Universality test of the charged Higgs boson couplings at the LHC and at B factories

TL;DR

This paper investigates the potential to test the universality of charged Higgs boson couplings at the LHC and B-factories, focusing on large tan(beta) scenarios, and demonstrates that combined measurements can achieve high-precision coupling tests.

Contribution

It provides a model-independent analysis of charged Higgs couplings at the LHC and B-factories, proposing a method to test their universality through combined measurements.

Findings

Couplings to third-generation quarks can be measured with 10% accuracy at high luminosity.

Combining LHC and B-factory data enables a universality test of charged Higgs couplings.

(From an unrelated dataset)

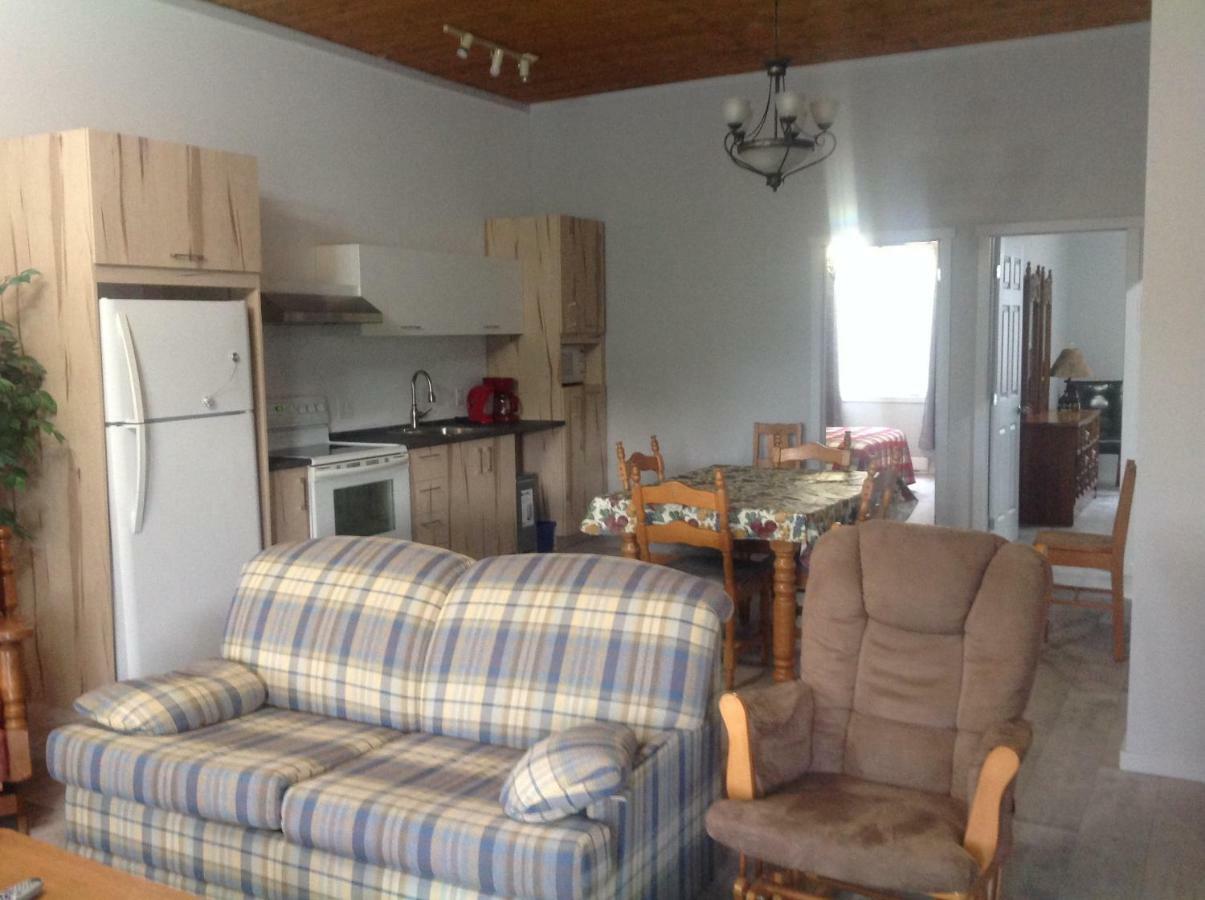 Les Appartement 4 Saisons Des Iles Saint Gedeon Bagian luar foto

The study is applicable for large tan(beta) scenarios in two Higgs doublet models.

Abstract

Many extensions of the Standard Model (SM) of particle physics predict the existence of charged Higgs bosons with substantial couplings to SM particles, which would render them observable both directly at the LHC and indirectly at B-factories. For example, the charged Higgs boson couplings to fermions in two doublet Higgs models of type II, are proportional to the ratio of the two Higgs doublet vacuum expectation values (tan(beta)) and fermionic mass factors and could thus be substantial at large tan(beta) and/or for heavy fermions. In this work we perform a model-independent study of the charged Higgs boson couplings at the LHC and at B-factories for large values of tan(beta). We have shown that at high luminosity it is possible to measure the couplings of a charged Higgs boson to the third generation of quarks up to an accuracy of 10%. We further argue that by combining the possible measurements of the LHC and the B-factories, it is possible to perform a universality test of charged Higgs boson couplings to quarks.